A back-propagation convolutional neural network achieved a 3.4% error rate on the full test set, and a 1% error rate with a 9% reject rate on handwritten zipcode digits.
Does a Convolutional Neural Network-Clustering (CNN-KCL) model accurately diagnose myocarditis in suspected patients?
A novel deep learning-based model (CNN-KCL) demonstrated high diagnostic accuracy (97.41%) for myocarditis, highlighting the potential of artificial intelligence to assist in complex cardiac imaging interpretations.
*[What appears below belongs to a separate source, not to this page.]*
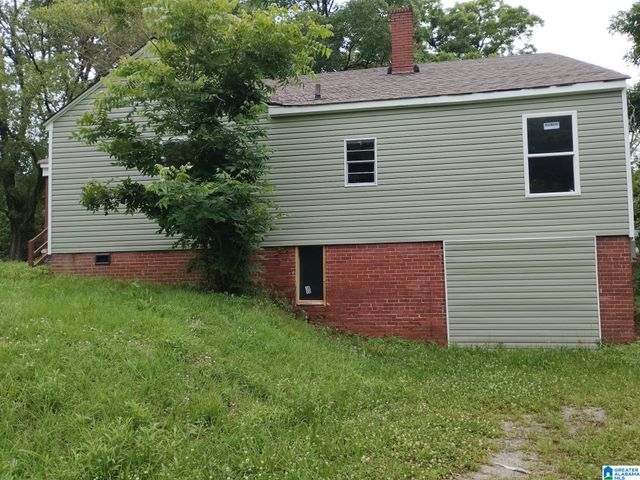 5223 LOOP ROAD, Birmingham, AL 35224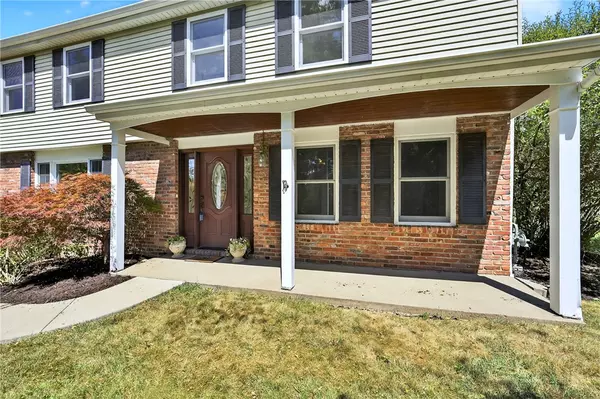 613 Robinhood Ln, Peters Twp, PA 15317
Myocarditis is the form of an inflammation of the middle layer of the heart wall which is caused by a viral infection and can affect the heart muscle and its electrical system. It has remained one of the most challenging diagnoses in cardiology. Myocardial is the prime cause of unexpected death in approximately 20% of adults less than 40 years of age. Cardiac MRI (CMR) has been considered a noninvasive and golden standard diagnostic tool for suspected myocarditis and plays an indispensable role in diagnosing various cardiac diseases. However, the performance of CMR depends heavily on the clinical presentation and features such as chest pain, arrhythmia, and heart failure. Besides, other imaging factors like artifacts, technical errors, pulse sequence, acquisition parameters, contrast agent dose, and more importantly qualitatively visual interpretation can affect the result of the diagnosis. This paper introduces a new deep learning-based model called Convolutional Neural Network-Clustering (CNN-KCL) to diagnose Myocarditis. In this study, we used 47 subjects with a total number of 98,898 images to diagnose myocarditis disease. Our results demonstrate that the proposed method achieves an accuracy of 97.41% based on 10 fold-cross validation technique with 4 clusters for diagnosis of Myocarditis. To the best of our knowledge, this research is the first to use deep learning algorithms for the diagnosis of myocarditis.
Sharifrazi et al. (Sat,) conducted a other in Handwritten digit recognition (n=12,647). Back-propagation convolutional neural network was evaluated on Error rate on test set. A back-propagation convolutional neural network achieved a 3.4% error rate on the full test set, and a 1% error rate with a 9% reject rate on handwritten zipcode digits.